____ Available data

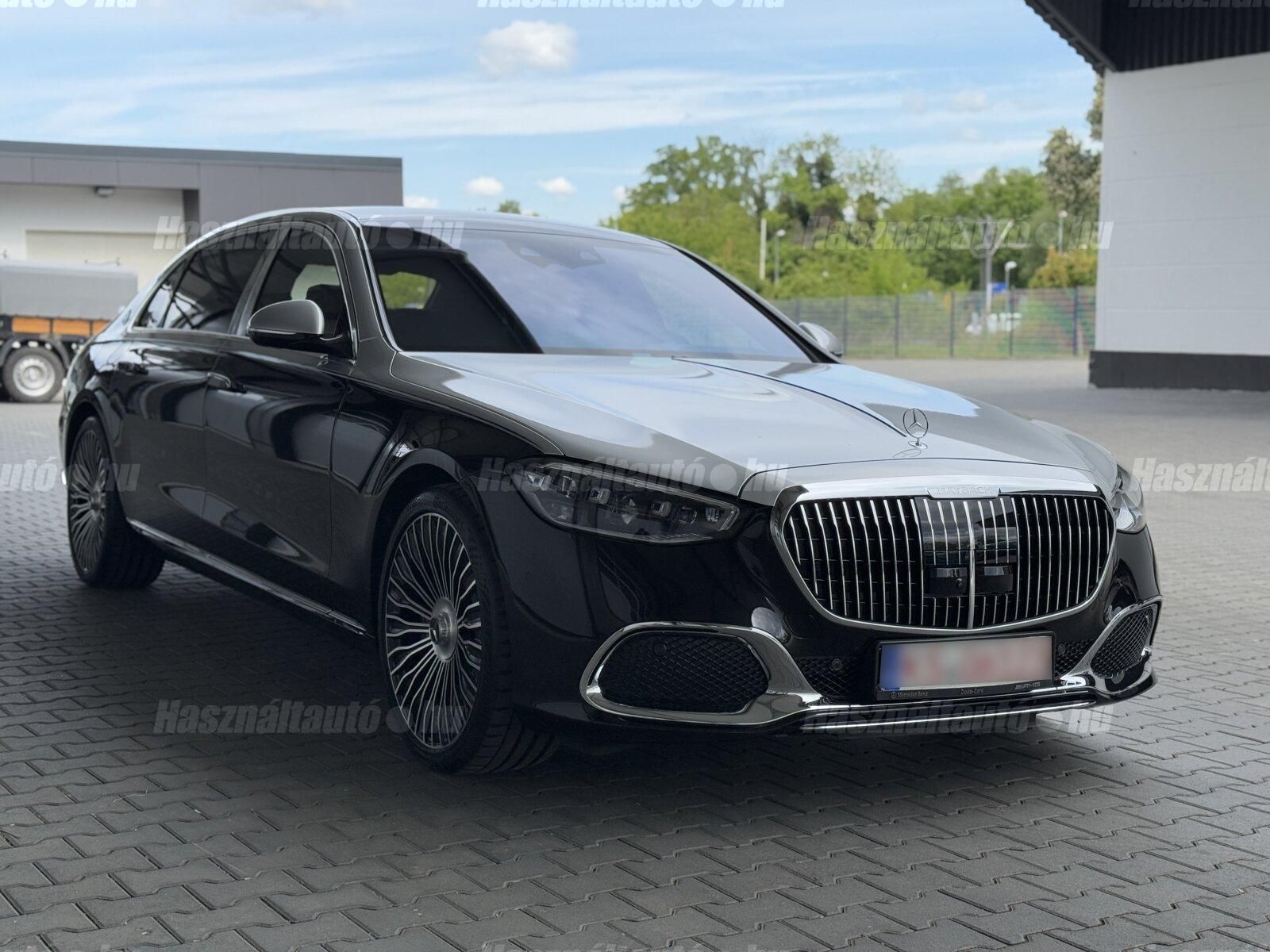 Maybach Egyéb – 1. kép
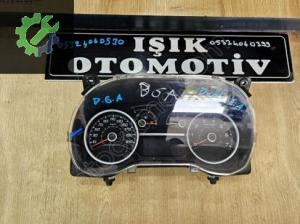 Fiat doblo 4 gösterge çıkma orjinal sökme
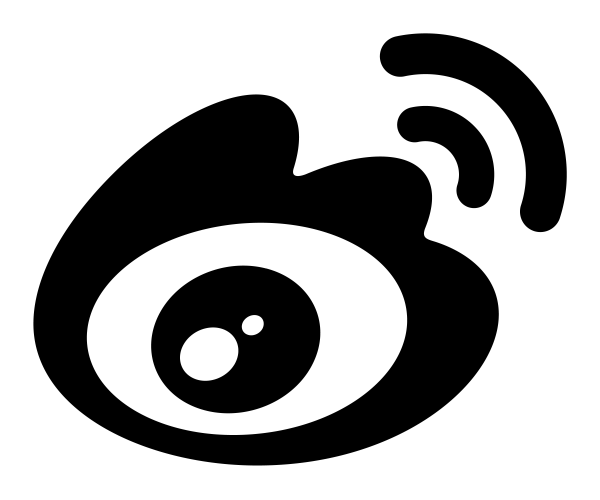 Sina Weibo Icon in vector format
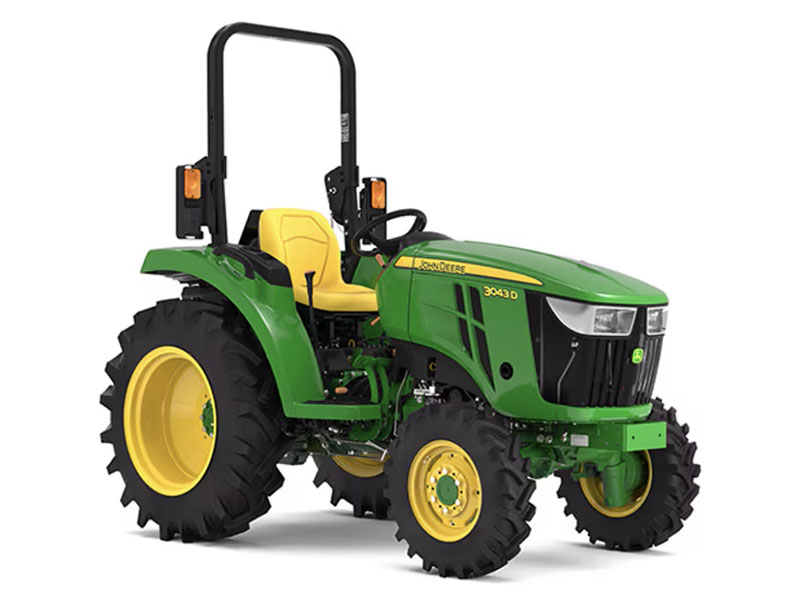 2025 John Deere 3043D in Grand Rapids, Minnesota - Photo 2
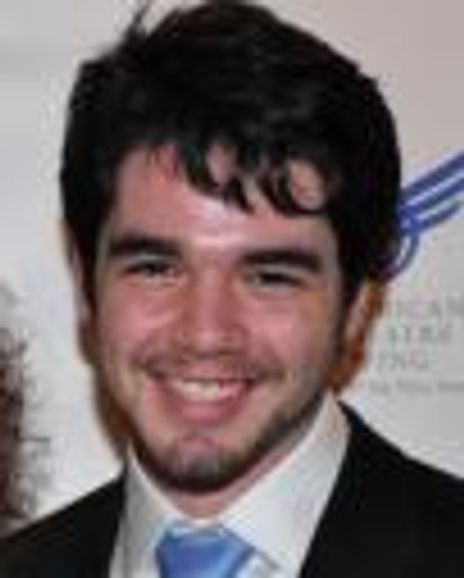 Matt Larson Headshot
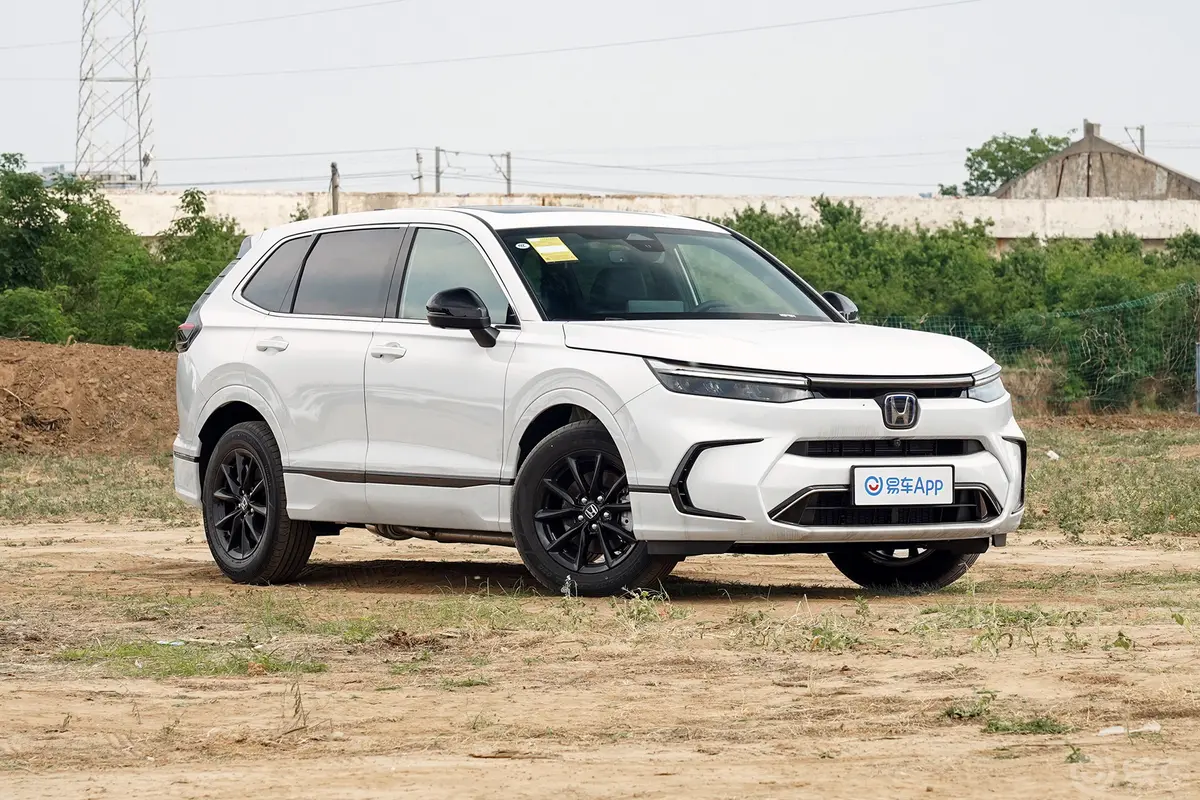 皓影 e:PHEV2.0L 91km 尊享版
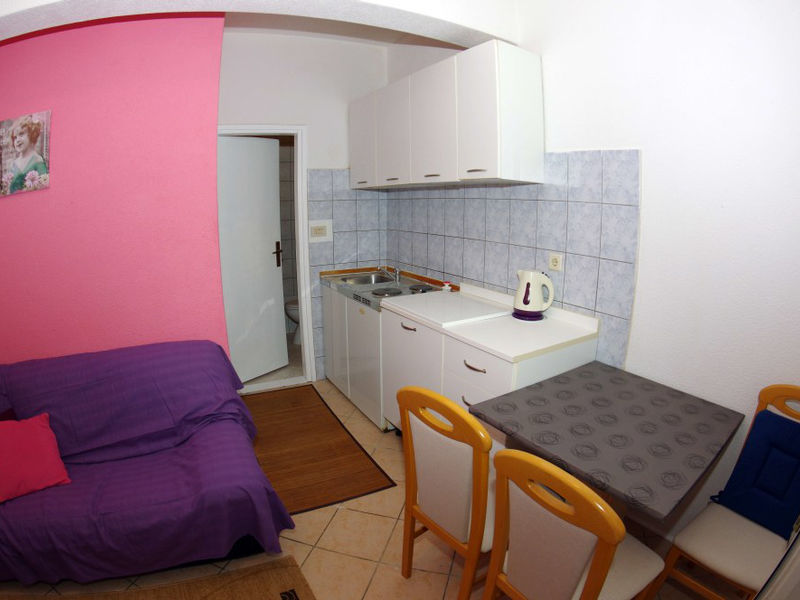 Apartmány Balankina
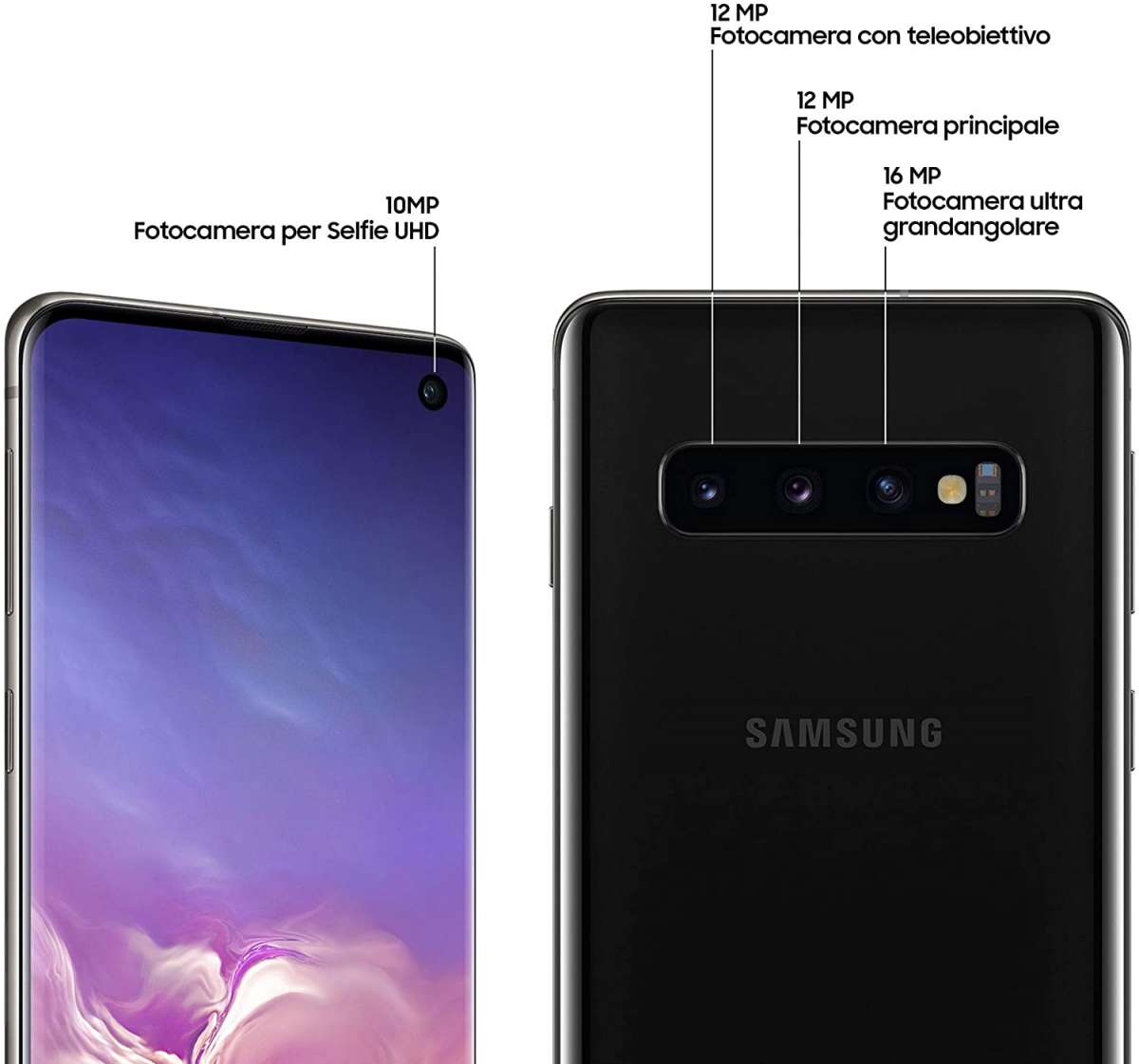 Samsung Galaxy S10 128gb 本体 refurbished Galaxy S10 128 GB grün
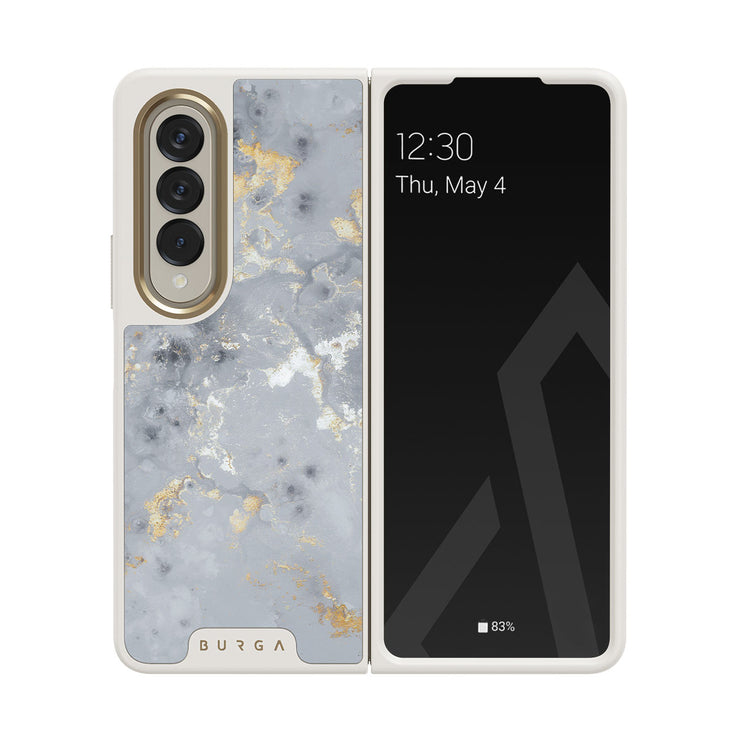 First Frost - Samsung Galaxy Z Fold 4 Case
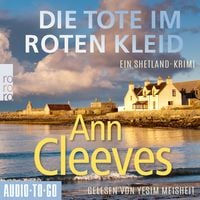 Produktbild: Die Tote im roten Kleid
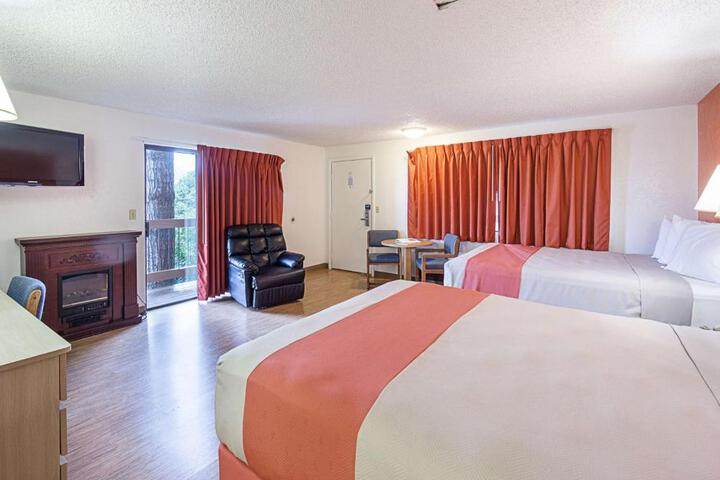 Motel 6 Gold Beach OR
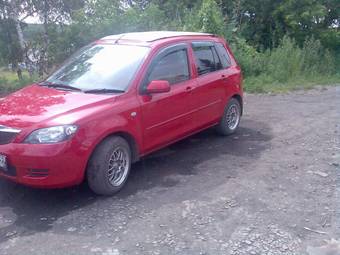 2003 Mazda Demio For Sale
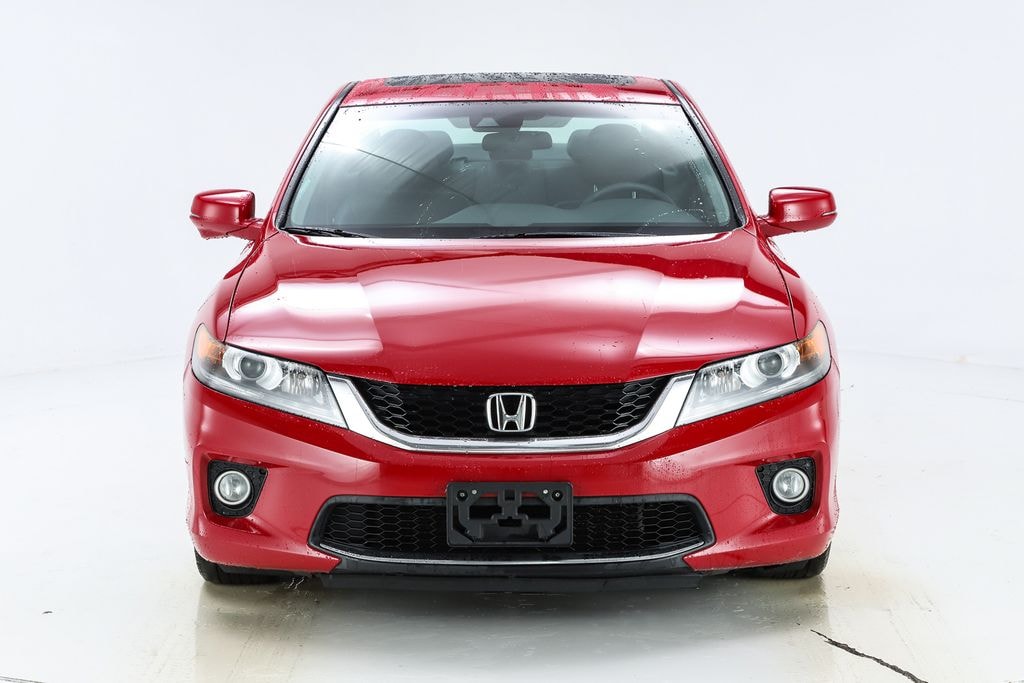Used 2013 Honda Accord EX-L Coupe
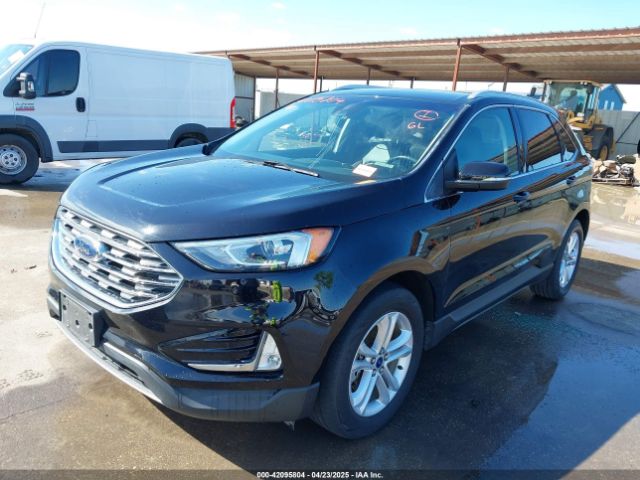 2019 FORD EDGE 2FMPK3J95KBC06130 Photo 1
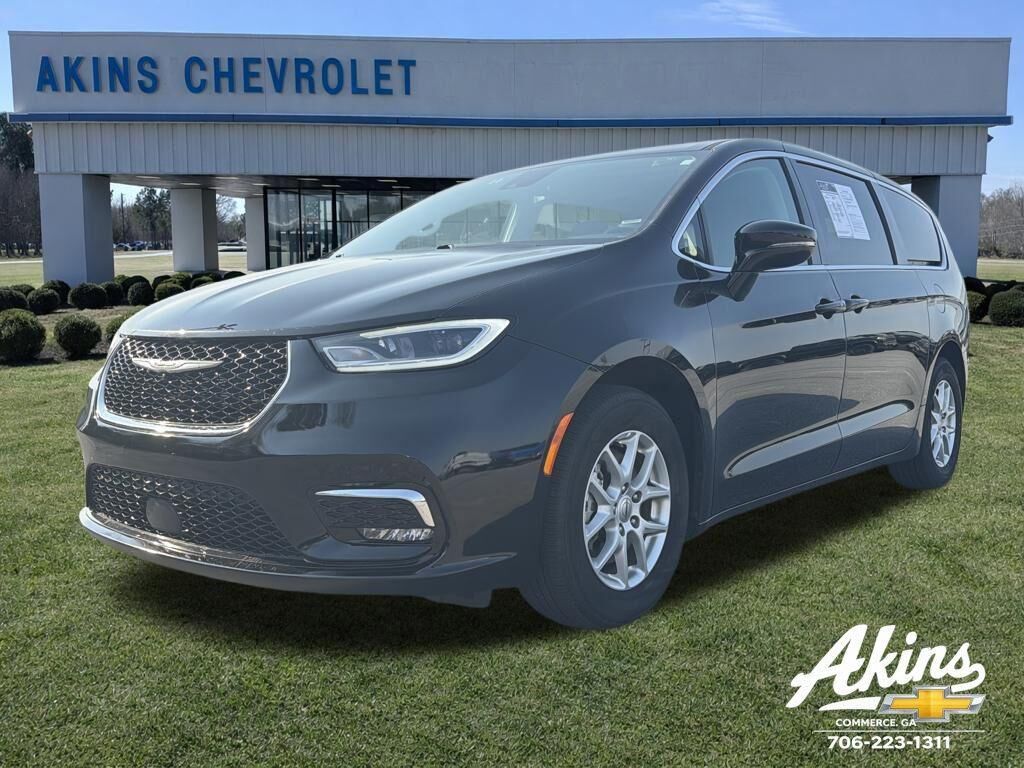 2024 CHRYSLER Pacifica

________

The response must restate exactly the lines from the one containing "Matt Larson Headshot" through the end of the records above and must leave out all pictures.

Solution to this problem –
 Matt Larson Headshot
 皓影 e:PHEV2.0L 91km 尊享版
 Apartmány Balankina
 Samsung Galaxy S10 128gb 本体 refurbished Galaxy S10 128 GB grün
 First Frost - Samsung Galaxy Z Fold 4 Case
 Produktbild: Die Tote im roten Kleid
 Motel 6 Gold Beach OR
 2003 Mazda Demio For Sale
Used 2013 Honda Accord EX-L Coupe
 2019 FORD EDGE 2FMPK3J95KBC06130 Photo 1
 2024 CHRYSLER Pacifica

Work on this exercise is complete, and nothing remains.